NASA's Cassini Finds Saturn's Moon Phoebe Has Planet-Like Qualities

Data from NASA's Cassini mission reveal Saturn's moon Phoebe has more planet-like qualities than previously thought.

Scientists had their first close-up look at Phoebe when Cassini began exploring the Saturn system in 2004. Using data from multiple spacecraft instruments and a supercomputer model of the moon's chemistry, geophysics and geology, scientists found Phoebe was a so-called planetesimal, or remnant planetary building block. The findings appear in the April issue of the Journal Icarus.

"Unlike primitive bodies such as comets, Phoebe appears to have actively evolved for a time before it stalled out," said Julie Castillo-Rogez, a planetary scientist at NASA's Jet Propulsion Laboratory (JPL) in Pasadena, Calif. "Objects like Phoebe are thought to have condensed very quickly. Hence, they represent building blocks of planets. They give scientists clues about what conditions were like around the time of the birth of giant planets and their moons."

Cassini images suggest Phoebe originated in the far-off Kuiper Belt, the region of ancient, icy, rocky bodies beyond Neptune's orbit. Data show Phoebe was spherical and hot early in its history, and has denser rock-rich material concentrated near its center. Its average density is about the same as Pluto, another object in the Kuiper Belt. Phoebe likely was captured by Saturn's gravity when it somehow got close to the giant planet.

Saturn is surrounded by a cloud of irregular moons that circle the planet in orbits tilted from Saturn's orbit around the sun, the so-called equatorial plane. Phoebe is the largest of these irregular moons and also has the distinction of orbiting backward in relation to the other moons. By comparison, Saturn's large moons appear to have formed from gas and dust around the planet's equatorial plane and orbit in that same plane.

"By combining Cassini data with modeling techniques previously applied to other solar system bodies, we've been able to go back in time and clarify why Phoebe is so different from the rest of the Saturn system," said Jonathan Lunine, a co-author on the study and a Cassini team member at Cornell University.

Analyses suggest that Phoebe was born within the first 3 million years of the birth of the solar system, which occurred 4.5 billion years ago. The moon originally may have been porous but appears to have collapsed in on itself as it warmed up. Phoebe developed a density 40 percent higher than the average inner Saturnian moon.

Objects of Phoebe's size have long been thought to form as potato-shaped bodies and remain that way over their lifetimes. If such an object formed early enough in the solar system's history, it could have harbored the kinds of radioactive material that would produce substantial heat over a short timescale.
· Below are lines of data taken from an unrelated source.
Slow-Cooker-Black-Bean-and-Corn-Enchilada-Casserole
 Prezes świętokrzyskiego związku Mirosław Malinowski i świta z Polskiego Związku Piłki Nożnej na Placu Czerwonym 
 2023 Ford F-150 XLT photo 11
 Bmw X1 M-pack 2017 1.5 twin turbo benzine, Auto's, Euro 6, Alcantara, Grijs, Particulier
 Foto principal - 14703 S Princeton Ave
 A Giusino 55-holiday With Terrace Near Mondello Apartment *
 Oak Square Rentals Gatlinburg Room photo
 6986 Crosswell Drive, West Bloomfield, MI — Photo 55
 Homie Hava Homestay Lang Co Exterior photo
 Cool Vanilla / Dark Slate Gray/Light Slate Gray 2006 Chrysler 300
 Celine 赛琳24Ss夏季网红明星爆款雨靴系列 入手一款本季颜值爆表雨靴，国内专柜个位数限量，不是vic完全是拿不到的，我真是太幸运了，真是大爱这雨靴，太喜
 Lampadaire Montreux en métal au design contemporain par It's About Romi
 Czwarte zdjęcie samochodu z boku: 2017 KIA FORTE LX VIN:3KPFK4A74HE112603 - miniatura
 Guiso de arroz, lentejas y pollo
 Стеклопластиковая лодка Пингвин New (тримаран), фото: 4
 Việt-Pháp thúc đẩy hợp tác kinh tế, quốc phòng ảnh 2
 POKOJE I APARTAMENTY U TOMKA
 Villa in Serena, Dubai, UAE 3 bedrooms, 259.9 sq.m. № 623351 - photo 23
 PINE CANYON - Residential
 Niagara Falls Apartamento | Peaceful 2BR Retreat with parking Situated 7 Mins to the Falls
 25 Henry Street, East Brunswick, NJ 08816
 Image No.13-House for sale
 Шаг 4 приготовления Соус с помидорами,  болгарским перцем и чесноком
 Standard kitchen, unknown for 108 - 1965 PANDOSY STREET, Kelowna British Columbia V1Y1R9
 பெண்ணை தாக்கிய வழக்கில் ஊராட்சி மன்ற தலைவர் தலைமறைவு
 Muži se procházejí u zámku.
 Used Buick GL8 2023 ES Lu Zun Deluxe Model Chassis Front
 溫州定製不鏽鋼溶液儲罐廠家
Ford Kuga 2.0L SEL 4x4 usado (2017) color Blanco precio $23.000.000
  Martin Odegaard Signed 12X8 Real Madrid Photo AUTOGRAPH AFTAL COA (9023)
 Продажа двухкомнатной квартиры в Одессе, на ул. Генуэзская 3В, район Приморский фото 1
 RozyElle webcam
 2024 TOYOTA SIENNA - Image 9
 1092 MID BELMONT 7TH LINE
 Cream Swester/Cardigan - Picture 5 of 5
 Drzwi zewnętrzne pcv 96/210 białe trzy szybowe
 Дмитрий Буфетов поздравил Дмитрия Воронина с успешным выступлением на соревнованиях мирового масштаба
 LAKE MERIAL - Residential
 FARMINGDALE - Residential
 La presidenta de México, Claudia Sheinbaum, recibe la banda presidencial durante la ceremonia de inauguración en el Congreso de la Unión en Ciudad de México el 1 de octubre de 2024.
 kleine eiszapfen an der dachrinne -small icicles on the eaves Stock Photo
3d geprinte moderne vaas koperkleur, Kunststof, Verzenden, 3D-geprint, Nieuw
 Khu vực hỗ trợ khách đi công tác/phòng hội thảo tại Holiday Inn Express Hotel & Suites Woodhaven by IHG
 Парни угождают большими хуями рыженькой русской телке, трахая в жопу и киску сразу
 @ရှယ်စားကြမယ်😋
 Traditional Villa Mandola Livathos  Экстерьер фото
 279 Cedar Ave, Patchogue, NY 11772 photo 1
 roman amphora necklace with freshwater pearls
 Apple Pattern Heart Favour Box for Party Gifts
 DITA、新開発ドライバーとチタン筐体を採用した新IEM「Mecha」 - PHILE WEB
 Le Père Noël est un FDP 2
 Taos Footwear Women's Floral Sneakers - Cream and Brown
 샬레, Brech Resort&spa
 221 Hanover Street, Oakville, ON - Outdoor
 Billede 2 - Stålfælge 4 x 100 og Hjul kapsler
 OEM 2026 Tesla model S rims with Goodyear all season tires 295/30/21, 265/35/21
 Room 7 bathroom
This would warm the interior and reshape the moon.

"From Cassini images and models, we were able to see that Phoebe started with a nearly spherical shape, rather than an irregular shape later smoothed into a sphere by impacts," said co-author Peter Thomas, a Cassini team member at Cornell.

Phoebe likely stayed warm for tens of millions of years before freezing up. The study suggests the heat also would have enabled the moon to host liquid water at one time. This could explain the signature of water-rich material on Phoebe's surface previously detected by Cassini.

The new study also is consistent with the idea that several hundred million years after Phoebe cooled, the moon drifted toward the inner solar system in a solar-system-wide rearrangement. Phoebe was large enough to survive this turbulence.

More than 60 moons are known to orbit Saturn, varying drastically in shape, size, surface age and origin. Scientists using both ground-based observatories and Cassini's cameras continue to search for others.

The Cassini-Huygens mission is a cooperative project of NASA, the European Space Agency and the Italian Space Agency. JPL manages the mission for the agency's Science Mission Directorate in Washington.